私の本棚で SFの文庫といえば早川書房と東京創元社が一番多くて、河出書房新社、竹書房以外の出版社ではSF本を出しているのかなと、本屋さんで普段はあまりチェックしない出版社の棚を探してみました。ハルキ文庫って海外SFがブラッドベリだけなのか…。
米中大戦によって放射能に汚染され死滅した地球。宇宙に脱出したわずかな人類は宇宙コロニーに住み、月の地下資源を頼りに宇宙生活を続ける。月往還船の船長・美島は行方不明になった地球環境調査隊の捜索ため地球に下りるというお話。
航空サスペンスの作家さんらしく、航空機の描写が細かくてすごい。総ページ数が250と薄いけれど、綺麗にまとまっていて読みやすかったです。

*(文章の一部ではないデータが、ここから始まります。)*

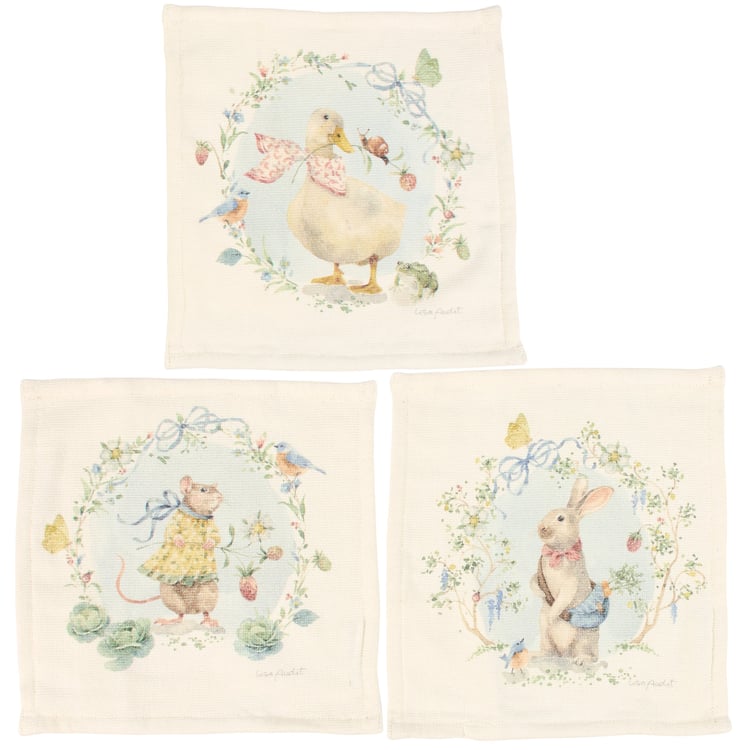 Cute Garden Friends Hooded Baby Bath Towel Set with Washcloths & Bunny Ears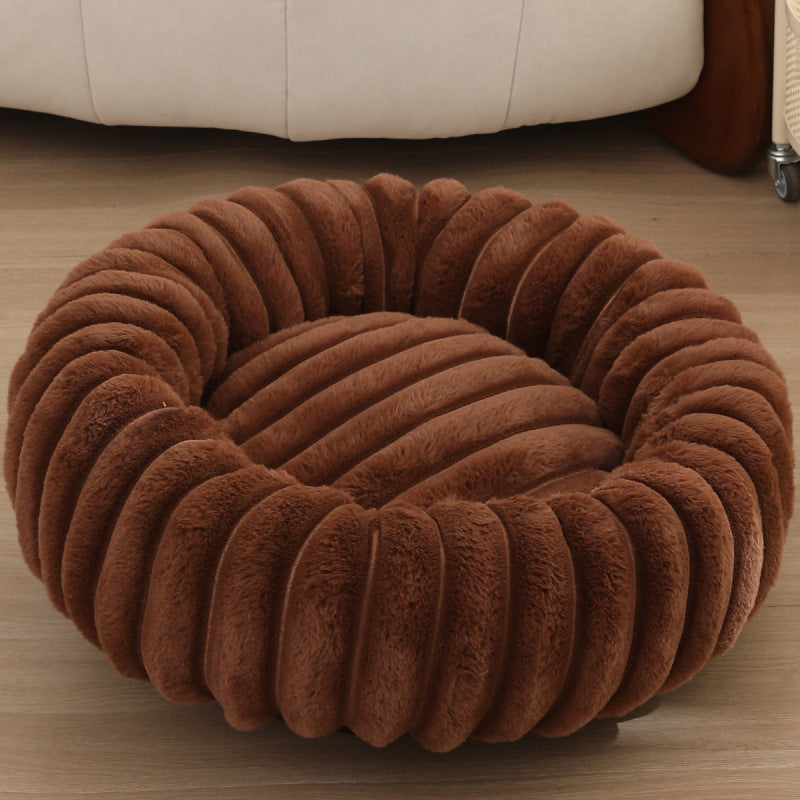 Rabbit Fur Plush Round Pet Bed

同じく放射能で死滅してゆく地球で、穏やかに死を受け入れる人々を描くネヴィル・シュートの『渚にて 人類最後の日』に対する返歌だなと思いました。どんなに辛くても最後まで生きることをあきらめないという逆のメッセージ。
大戦中にコロニー行きのシャトルに上級市民というか、権力者が一番先に乗って宇宙へ脱出したため、権力者優遇の格差社会がそのまま宇宙コロニーにあるのもかなりきつい環境。主人公達が鮭缶を開けるところから海の匂いを懐かしがるのが上手いと思いました。匂いって大事ですね。その後の鮭の遡上と地球の帰還を繋げるところもよき。